After a final hearing in November 2025, at which Moore testified to a general “course of conduct” placing her in fear of bodily harm, the court found her testimony lacked specificity as to dates, times, and details. Fitzgerald moved for judgment at the close of plaintiff’s case, and the court granted it, finding Moore had not met her burden of showing that Fitzgerald made “true threats” or engaged in monitoring or following. Moore appealed, arguing the trial court applied an improper legal standard.
The Court’s Holding
The Vermont Supreme Court affirmed. The sole legal question on appeal was whether the trial court erred by limiting the statutory term “threatens” — as used in the stalking statute’s definition of “course of conduct,” 12 V.S.A. § 5131(1)(A)(i) — to “true threats.” The court held that the trial court correctly applied that standard, relying on its prior decision in Hinkson v. Stevens, 2020 VT 69, which explained that because the stalking statute expressly excludes constitutionally protected activity, it is implicitly limited to true threats as defined under the First Amendment.
The court declined to address any challenge to the sufficiency of the trial court’s factual findings because Moore raised no such argument on appeal as required by V.R.A.P. 28(a)(3)-(4). To the extent her brief could be read to challenge the credibility findings, the court reiterated the settled rule that it will not second-guess a trial court’s credibility determinations on appeal.
Key Takeaways
- Vermont’s anti-stalking statute, 12 V.S.A. § 5131(1), implicitly limits “threatening” conduct to “true threats” — statements communicating a serious expression of intent to commit unlawful violence — because the statute expressly excludes constitutionally protected activity.
- This “true threat” limitation is not an addition to the statute’s text but a constitutional constraint built into it by the exclusion of protected speech, as established in Hinkson v. Stevens, 2020 VT 69.

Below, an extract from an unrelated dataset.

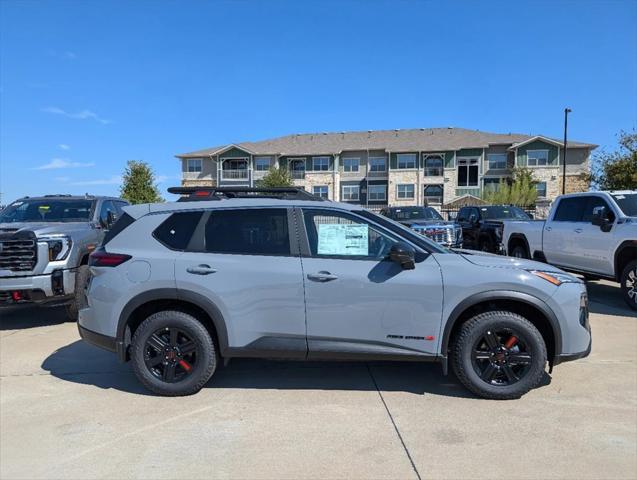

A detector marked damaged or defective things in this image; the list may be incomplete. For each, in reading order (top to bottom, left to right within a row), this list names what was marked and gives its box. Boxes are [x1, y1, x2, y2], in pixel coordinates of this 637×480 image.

pavement crack [366, 364, 420, 480] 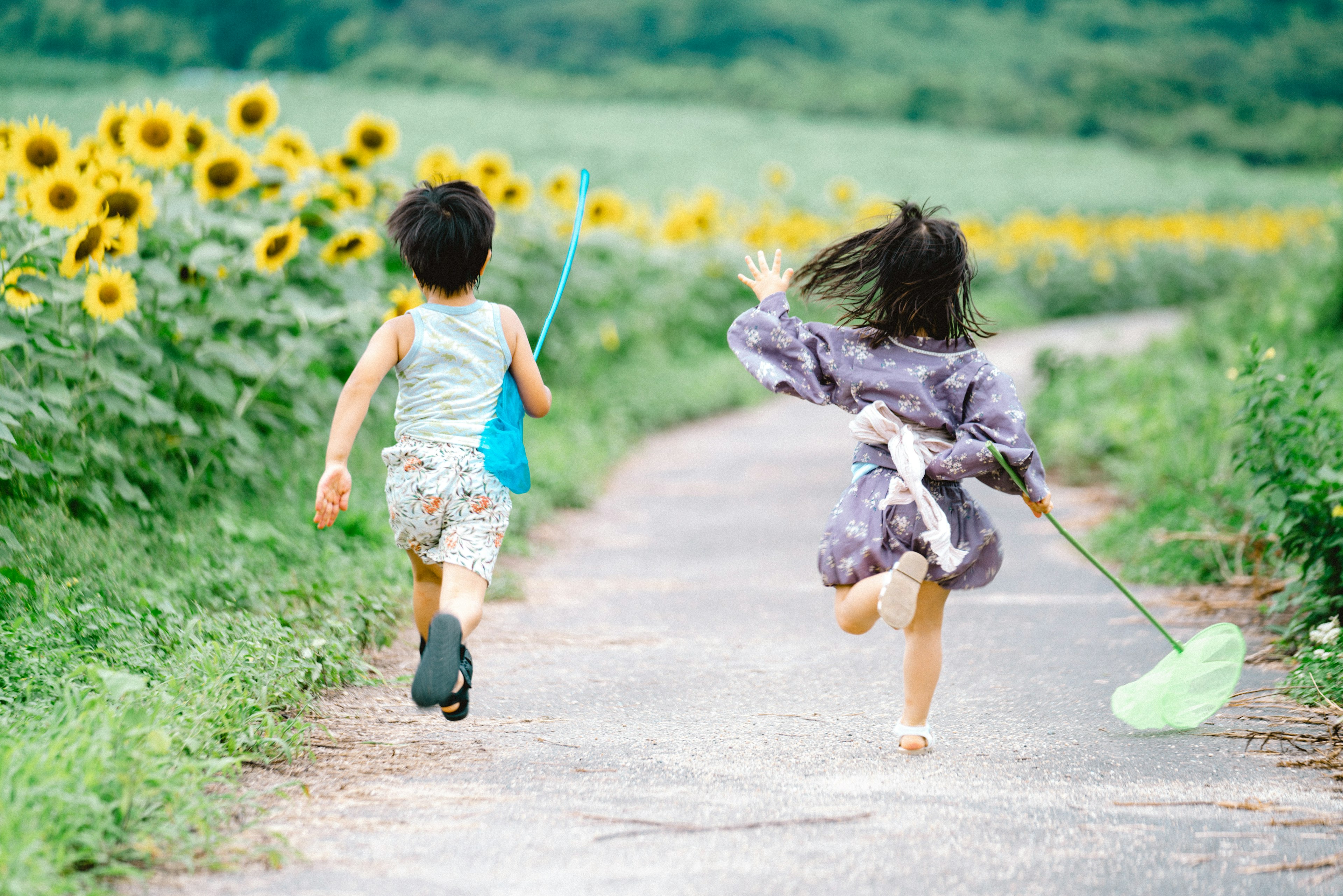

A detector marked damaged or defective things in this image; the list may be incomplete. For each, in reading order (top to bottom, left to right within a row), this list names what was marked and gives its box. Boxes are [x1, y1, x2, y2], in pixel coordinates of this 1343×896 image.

cracked asphalt surface [150, 310, 1343, 896]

- Plaintiffs seeking anti-stalking orders must provide specific, detailed testimony (dates, times, circumstances); general assertions of a course of fearful conduct are insufficient to meet the preponderance-of-evidence burden.
- Appellate courts will not reweigh evidence or revisit credibility determinations made by a trial court, and issues not briefed on appeal are waived under V.R.A.P. 28(a)(3)-(4).
Why It Matters
This decision reinforces the constitutional boundary built into Vermont’s civil stalking statute, confirming that courts must filter alleged threatening behavior through the First Amendment’s “true threat” doctrine before it can serve as a predicate act for a protective order. Attorneys seeking or opposing anti-stalking orders in Vermont should understand that heated, offensive, or even frightening speech does not automatically qualify as a statutory “threat” unless it rises to the level of a serious expression of intent to commit unlawful violence.
The case is an unpublished three-justice panel order with no precedential value, but it applies and reaffirms the precedential rule from Hinkson v. Stevens. It also serves as a practical reminder that vague, undated, or non-specific testimony — even if credible as a general matter — may fail to satisfy the burden of proof in civil stalking proceedings, underscoring the importance of thorough client preparation before any protective-order hearing.